John's Favorite Fact.
(2022 Sustainable Energy in America Factbook)
“In 2021, ‘energy transition’ investment surged past $700 billion for the first time. The jump from 2020 marked the largest year-on-year change ever, in dollar terms. The U.S. accounted for roughly one-seventh of the total at $105 billion. This was up 11% year-on-year, and the U.S. annual tally has grown 70% in the last five years.”FACTBOOK
Developing and Implementing Sustainability Measures for Industry
Growing up in Costa Rica, John Mosheim took a keen interest in the natural world around him. Drawn in by the beauty of his home country, he became interested in how tropical rainforests and coral reefs are affected by unsustainable economic development. He channeled this interest at the University of Costa Rica where he pursued a degree in geology and chemical engineering. His early work in water purification and mining projects in Costa Rica and Guatemala led him to work in environmental consulting projects for the extractive, food and drink, and agricultural industries in Mexico and South America. It was through this early work that he developed an understanding of the connection between industrial activity, energy self-reliance, and social and environmental impacts.
After moving to Boston, he worked for one of the first consulting firms that tackled sustainability problem-solving for industry (then called pollution prevention). All along, John was mentored by industry leaders that enabled his ability to solve complex environmental and sustainability problems.
“My mentors have guided and encouraged me in many ways, and I cannot thank them enough.”
John’s interest in the natural world and engineering has led him to pick up hobbies in fossil collecting and rocketry electronics. He’s shared these interests with his oldest son, who is in pilot training with the Navy, and hopes to one day make it to Mars. His youngest son is already showing an interest in aircrafts as well.

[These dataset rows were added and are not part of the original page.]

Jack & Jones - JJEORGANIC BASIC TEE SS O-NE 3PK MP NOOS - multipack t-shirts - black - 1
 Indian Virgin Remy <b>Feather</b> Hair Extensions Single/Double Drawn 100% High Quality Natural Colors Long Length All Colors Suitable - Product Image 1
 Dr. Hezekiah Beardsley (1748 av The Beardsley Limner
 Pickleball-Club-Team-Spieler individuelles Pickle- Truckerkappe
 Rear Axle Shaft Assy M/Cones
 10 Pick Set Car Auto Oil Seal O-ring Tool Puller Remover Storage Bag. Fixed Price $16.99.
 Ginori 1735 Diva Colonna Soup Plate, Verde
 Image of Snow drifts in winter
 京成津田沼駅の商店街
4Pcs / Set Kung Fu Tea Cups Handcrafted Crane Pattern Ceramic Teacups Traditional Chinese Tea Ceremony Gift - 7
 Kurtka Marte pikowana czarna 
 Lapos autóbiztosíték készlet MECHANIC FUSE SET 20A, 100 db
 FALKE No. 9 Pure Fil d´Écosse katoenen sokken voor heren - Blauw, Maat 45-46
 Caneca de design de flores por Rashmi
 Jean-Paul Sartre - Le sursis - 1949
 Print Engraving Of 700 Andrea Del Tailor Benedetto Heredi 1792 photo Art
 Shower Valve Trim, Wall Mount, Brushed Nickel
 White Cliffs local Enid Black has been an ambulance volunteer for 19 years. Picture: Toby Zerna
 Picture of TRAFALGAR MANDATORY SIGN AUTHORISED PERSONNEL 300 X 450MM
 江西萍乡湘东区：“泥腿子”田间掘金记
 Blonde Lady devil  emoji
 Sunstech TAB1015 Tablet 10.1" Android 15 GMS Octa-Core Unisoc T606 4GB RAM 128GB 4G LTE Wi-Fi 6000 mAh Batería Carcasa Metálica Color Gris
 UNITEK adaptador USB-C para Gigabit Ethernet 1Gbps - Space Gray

After more than two decades in the private sector, John launched GHG Engineering, LLC in 2014. GHG Engineering’s work is focused on consulting on energy and water sustainability for industry. Recent work includes projects in renewable fuels and transportation, railroad construction, impact assessments for >10 MW of solar power projects, and energy policy support. Today, the GHG Engineering roster includes four consultants specializing in energy policy and economics, geographical information systems (GIS), and renewable energy technology.
One significant development at GHG Engineering was the integration of spatial analysis through the use of GIS to deliver on much of its work. Although GIS has been around for decades, the ability of a non-GIS expert to use digital map applications and visualizations that can be shared all over the globe in real time is a new and exciting chapter for John’s work.
Just like fossil hunting requires an eye for uncovering the hidden, John views his work in one sense as finding solutions for his clients by looking at problems from a new angle. By integrating geospatial analysis, GHG Engineering can deliver results and benefits that would otherwise be very hard to communicate to non-GIS experts. Additionally, John’s work constantly has him considering how energy and water are used in different industries.
“It is important now more than ever not to ignore the way energy use permeates other fields—especially as the world tries to address the challenges brought on by climate change.”
The work that John and his team do at GHG Engineering has also had its humorous moments. Some time ago, while building a small water reuse plant in Maryland, John was drilling the very first hole in a concrete wall while the manager held his ladder from below.
“I pressed the trigger on the drill, it rotated and made noise, but there was no hole. I tried three times, and there was no hole. Then I said, ‘Harby, I think I hit rebar or something because this thing is not working.’ He looked up at me and said, ‘John, you have the drill in reverse.’”
Aside from almost falling off a ladder from laughter, the experience at that water plant made an impression on him in more than one way. He explained that the beauty of the water plant was its design. Most of the water flowed down with gravity, requiring minimal electricity, and recycling more than 90% of the water.
Through his work with GHG Engineering, John’s drive toward problem-solving and sustainable solutions is propelling critical change—despite occasional mishaps with drills.